Mi sono rapportata con tanti genitori che hanno perso un figlio in un incidente stradale e, in modo unanime, è emersa la grande delusione verso una giustizia italiana che risulta inadeguata dinanzi a tragedie che sconvolgono e stravolgono per sempre la vita di interi nuclei familiari, infliggendo pene lievi, insignificanti rispetto al danno prodotto. Appunto, “tanti genitori che hanno perso un figlio in un incidente stradale “. Queste stragi, purtroppo, continueranno fin quando le istituzioni non comprenderanno la necessità di assumere posizioni ferme e decise, stabilendo pene severe ed esemplari! Perché consentire riduzioni di pena o patteggiamenti? Perché infliggere ulteriore dolore a chi ha già perso i propri affetti?

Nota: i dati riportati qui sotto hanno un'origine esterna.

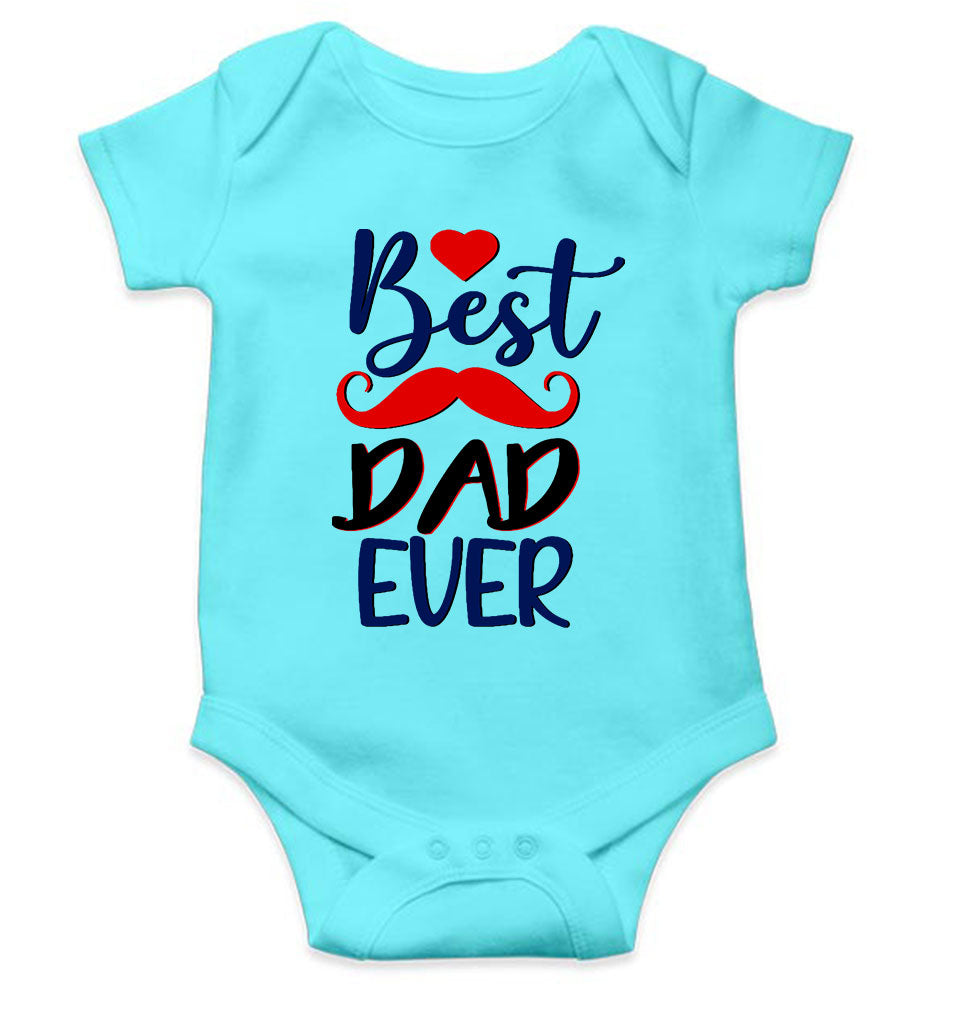 Best Dad Ever Fathers Day Rompers for Baby Girl- FunkyTeesClub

Non potete riconsegnarmi la mia adorata figlia Sara, ma almeno garantitemi una giustizia che infligga una pena severa, corrispondente al dolore prodotto, che serva da deterrente perché non ci siano altre Sara, altri Michele, altre giovani vite stroncate in malo modo da driver sconsiderati. Fatelo per tanti giovani che potrebbero salvarsi”.
Davanti all’irreparabile, cos’altro di diverso ci si può aspettare dalla richiesta di una giustizia che faccia anche da monito nei confronti di chi si mette alla guida dimenticando che un’automobile può diventare, a tutti gli effetti, anche una potenziale e micidiale arma offensiva?
A quali attenuanti può aggrapparsi un guidatore che decide di compiere una manovra tanto azzardata, senza che vi fosse la minima necessità di compierla? Quale vantaggio, in termini di tempo guadagnato, quand’anche la manovra fosse “riuscita”, poteva giustificarla?
Riteniamo sia semplicemente criminale arrogarsi il diritto di valutare che la vita altrui possa valere quanto qualche minuto guadagnato, o quanto l’ebbrezza di sentirsi dei guidatori spregiudicati. La giustizia italiana dovrebbe procedere invece, essa sì, assai più spedita e spietata.
Il Gup del tribunale di Bari, dott.ssa Rossana De Cristofaro, ha fissato per lunedì 20 maggio 2024, alle ore 9, l’udienza preliminare.